[THE RECORDS — start]

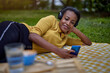 © kerkezz - a beautiful young woman with headphones in the park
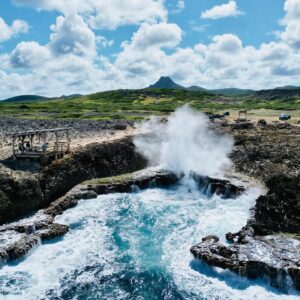 Shete Boka National Park Curaçao with dramatic waves crashing into rocky inlets and sea caves.
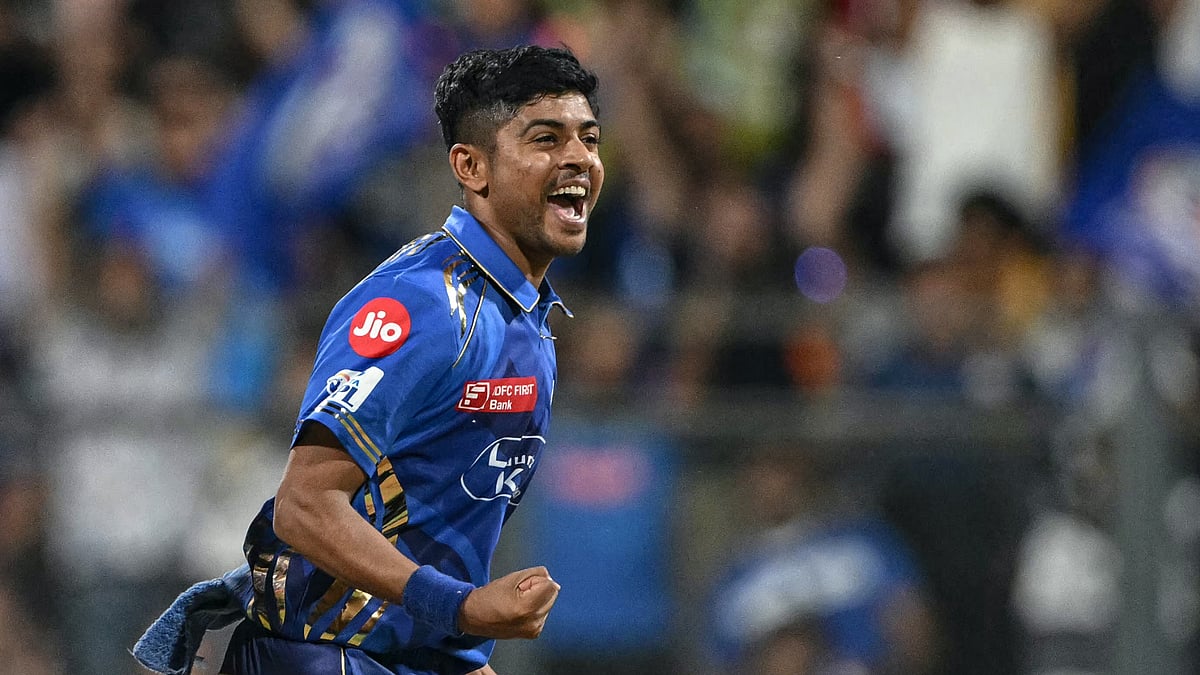 Ashwani Kumar celebrates for Mumbai Indians. - null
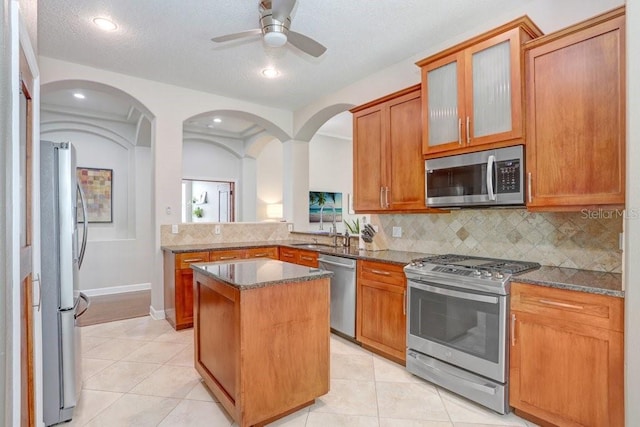 kitchen featuring stone counters, a kitchen island, light tile patterned floors, and appliances with stainless steel finishes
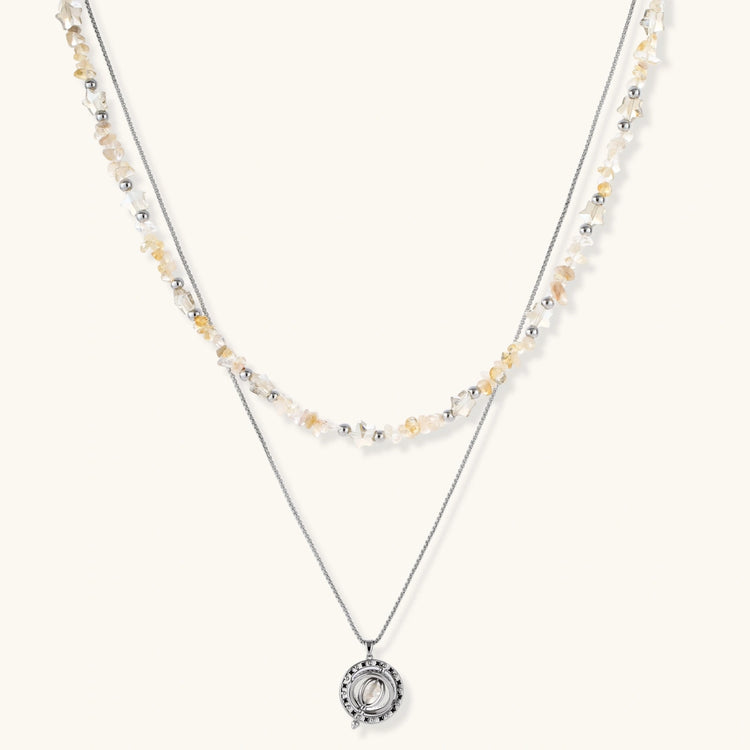 Complete jewelry set featuring citrine stone chips, silver beads, and cosmic circle pendants on cream background.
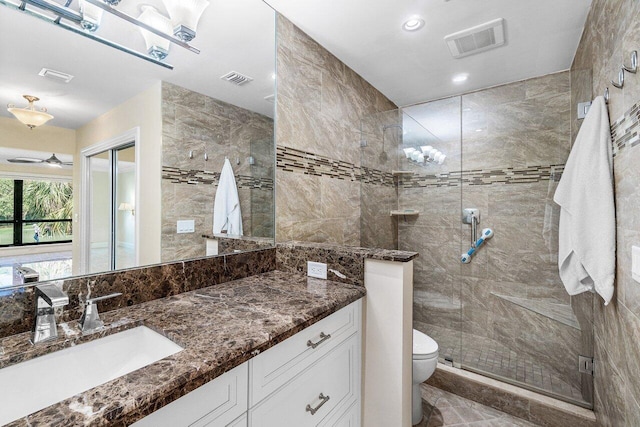 bathroom featuring ceiling fan, vanity, a shower with shower door, and toilet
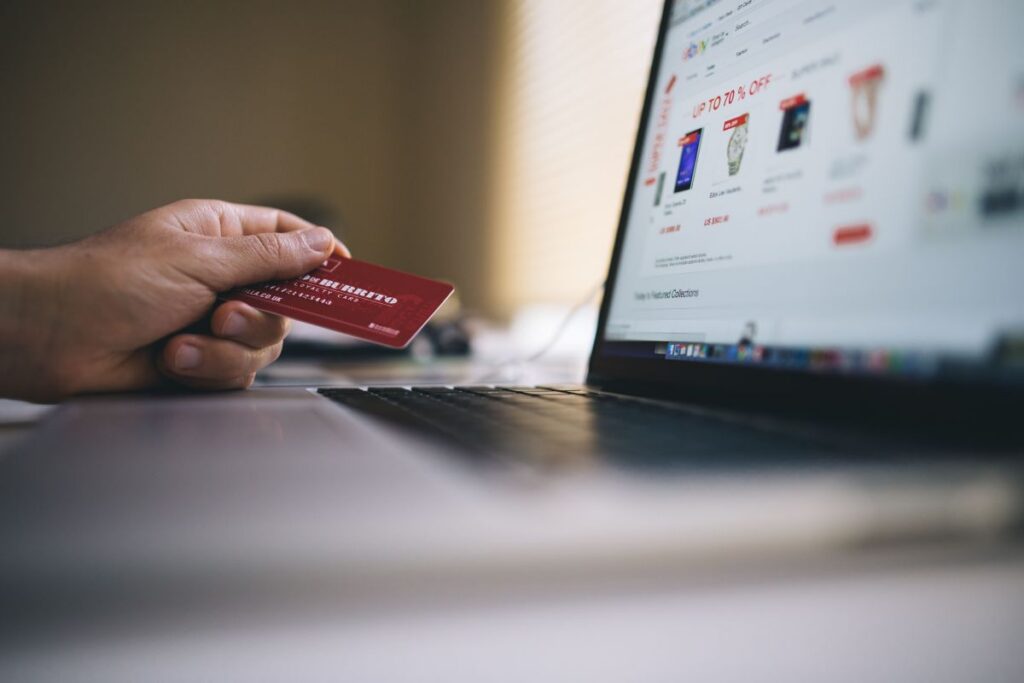 Mão segura cartão de crédito sobre laptop com página de compras online em tela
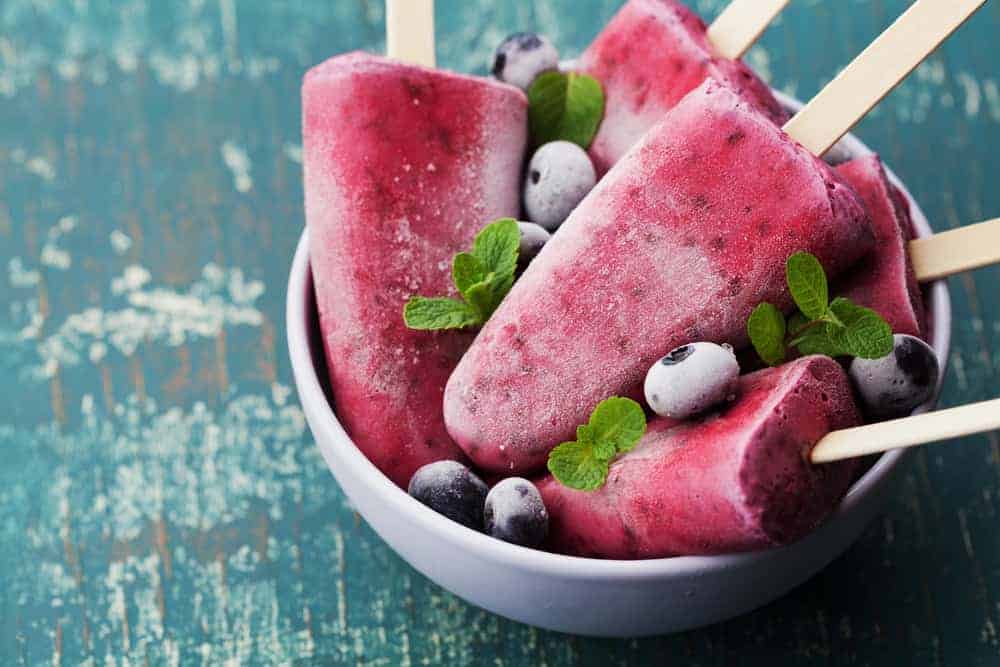 A bowl of red fruit ice lollies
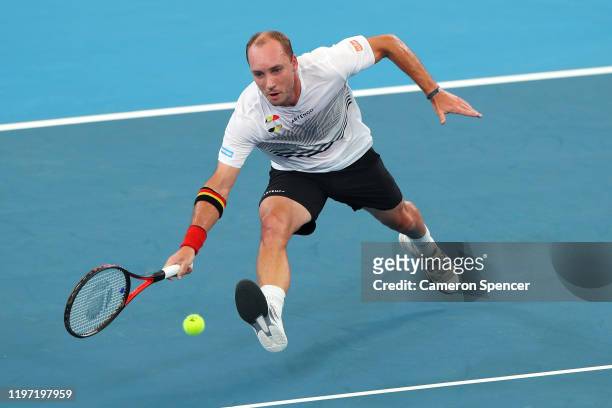Steve Darcis of Belgium plays a forehand during the Group C singles match between Steve Darcis of Belgium and Alexander Cozbinov of Moldova during...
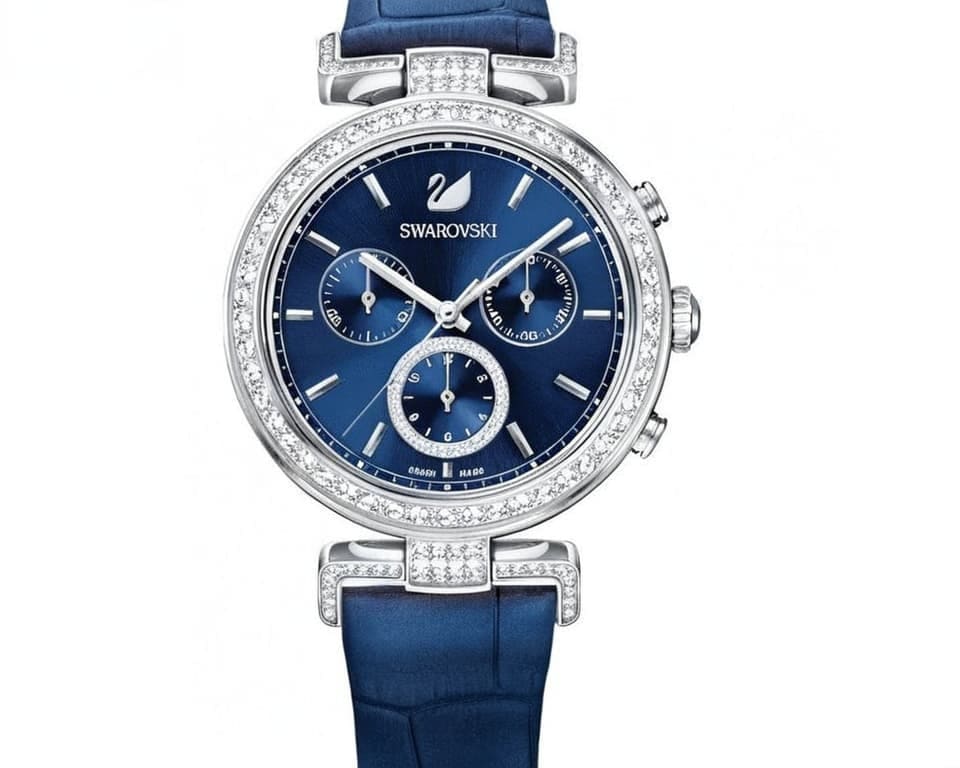 Swarovski chronograph watch with blue sunray dial, crystal-set bezel, stainless steel case, and blue leather strap featuring three subdials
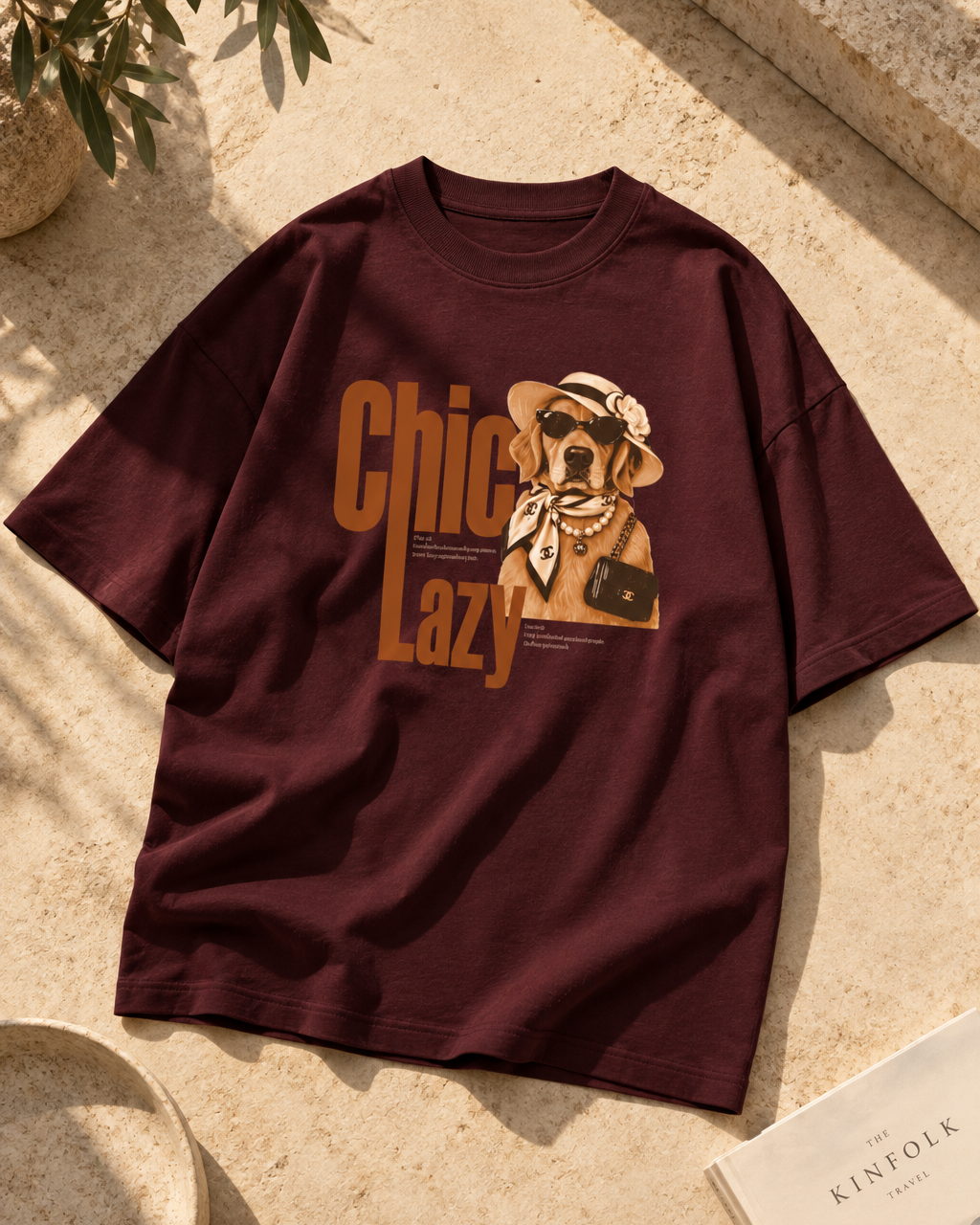 Burgundy/Maroon oversized graphic T-shirt featuring a chic Golden Retriever illustration with sunglasses, hat, pearls and retro “Chic Lazy” typography.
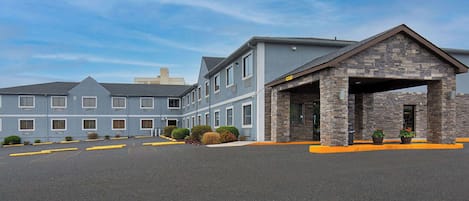 A hotel with a stone entrance, multiple windows, and a parking lot.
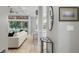 Bright entryway with view into living room and kitchen at 7946 Tybee Ct, University Park, FL 34201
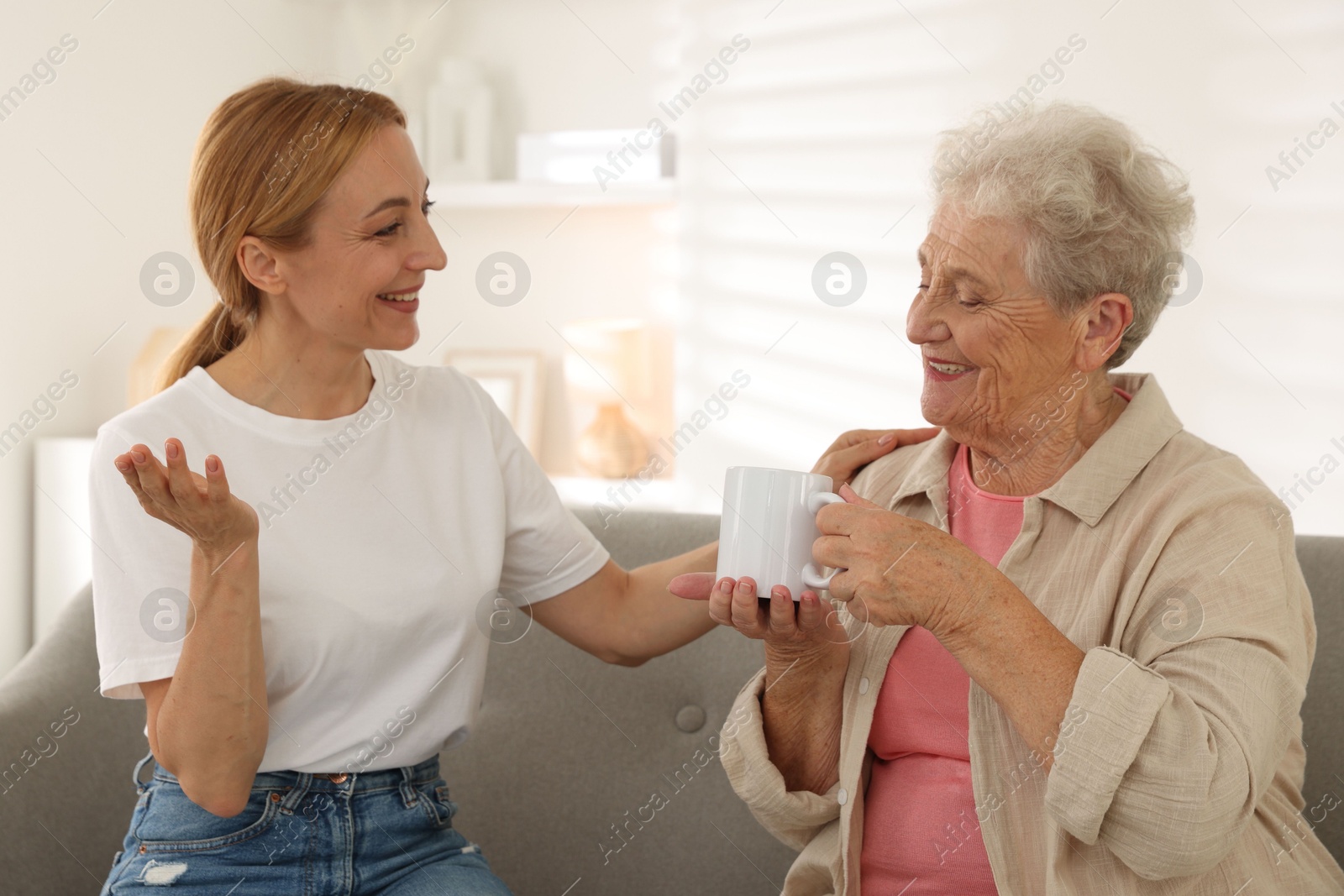 Photo of Caregiver supporting senior woman on sofa at home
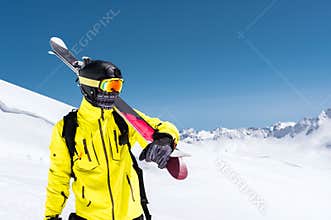 Skier standing on a slope. Man in a light suit, the helmet and mask in skiing is to ski. In the background snow-capped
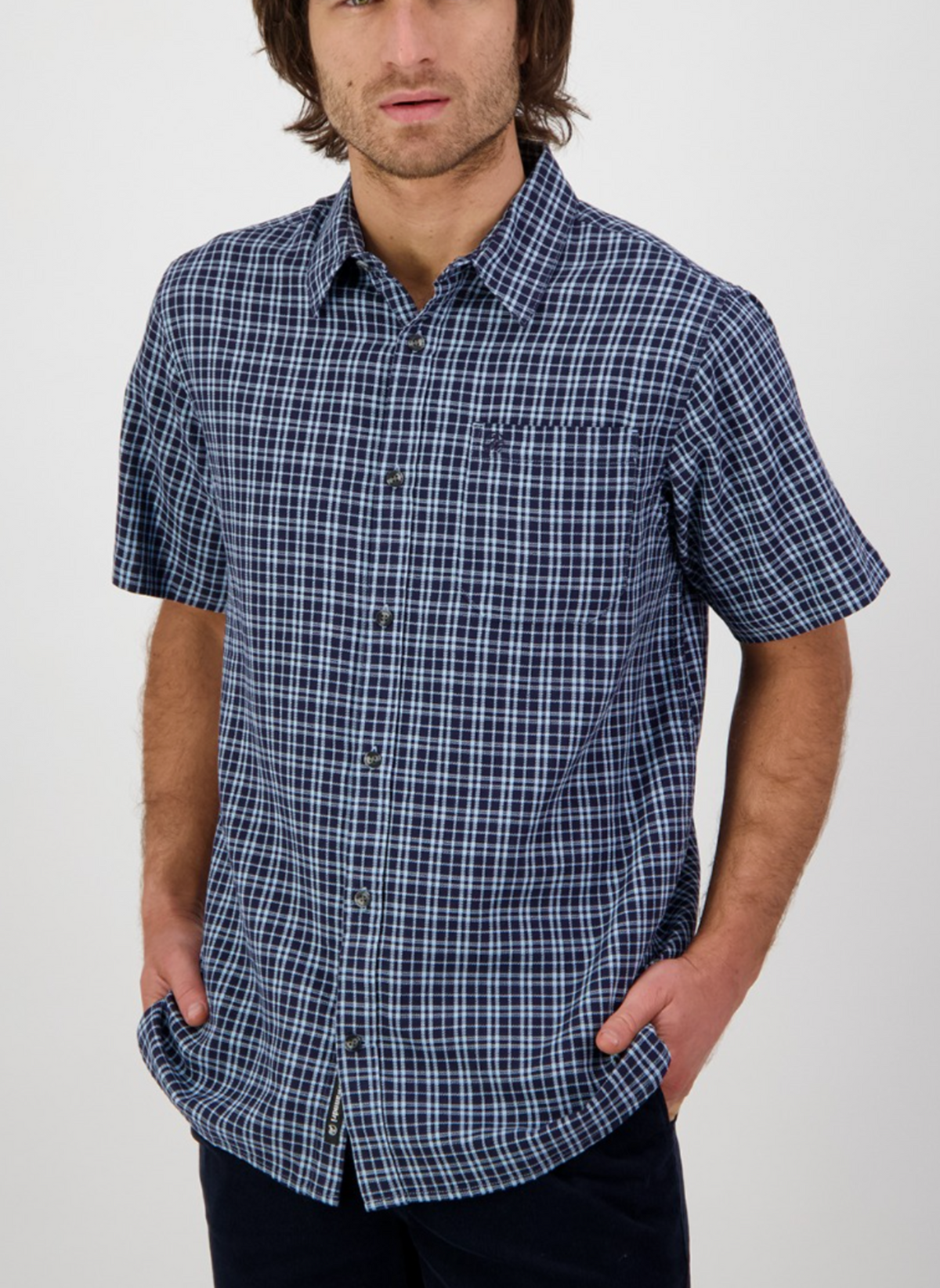 Someone in a relaxed fit Swanndri Russell Shirt, featuring 100% cotton with short sleeves and a dark blue and white checkered design, stands with hands in pockets against a plain white background.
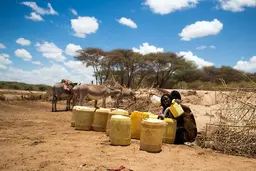 Woman filling jerry cans with water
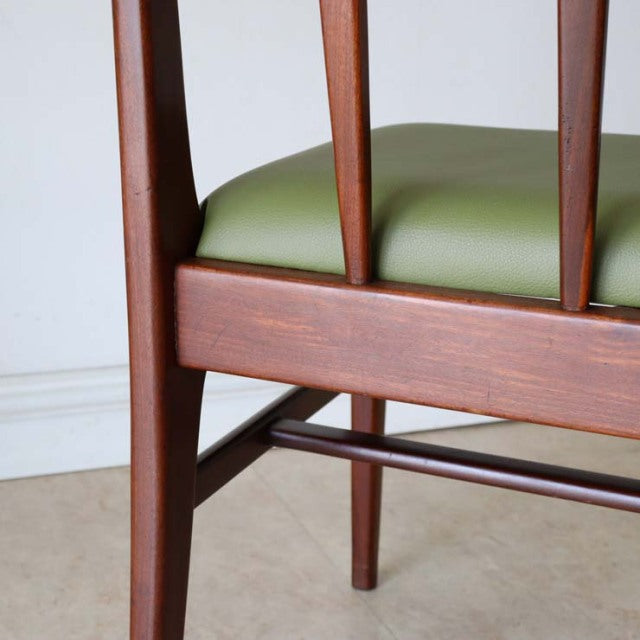 Mid-century British vintage teak dining chair by A.Younger Ltd., smooth wood grain, olive green upholstered seat, slender.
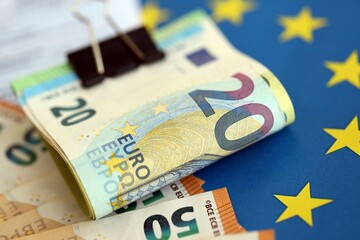 European euro currency money notes bunch on tax form and European union blue flag close up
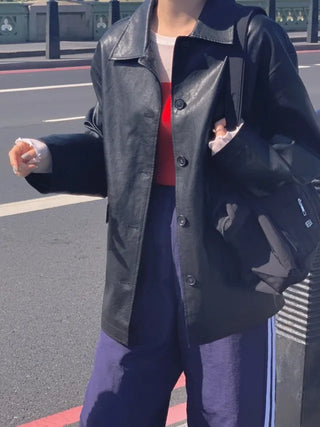 Loose-fitting black half-leather jacket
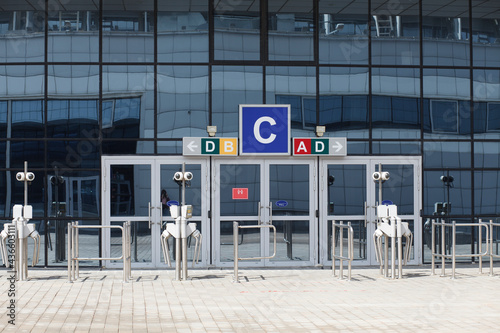 Glass doors and turnstiles, entrance to the indoor stadium arena, airport. No people or visitors. Terminal.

[THE RECORDS — finish]

TASK OBJECTIVE
What the answer must hold is the exact text of every line from the one containing "A hotel with" through the end of the data, minus any pictures.

EXERCISE RESULT
 A hotel with a stone entrance, multiple windows, and a parking lot.
 Bright entryway with view into living room and kitchen at 7946 Tybee Ct, University Park, FL 34201
 Photo of Caregiver supporting senior woman on sofa at home
 Skier standing on a slope. Man in a light suit, the helmet and mask in skiing is to ski. In the background snow-capped
 Someone in a relaxed fit Swanndri Russell Shirt, featuring 100% cotton with short sleeves and a dark blue and white checkered design, stands with hands in pockets against a plain white background.
 Woman filling jerry cans with water
 Mid-century British vintage teak dining chair by A.Younger Ltd., smooth wood grain, olive green upholstered seat, slender.
 European euro currency money notes bunch on tax form and European union blue flag close up
 Loose-fitting black half-leather jacket
 Glass doors and turnstiles, entrance to the indoor stadium arena, airport. No people or visitors. Terminal.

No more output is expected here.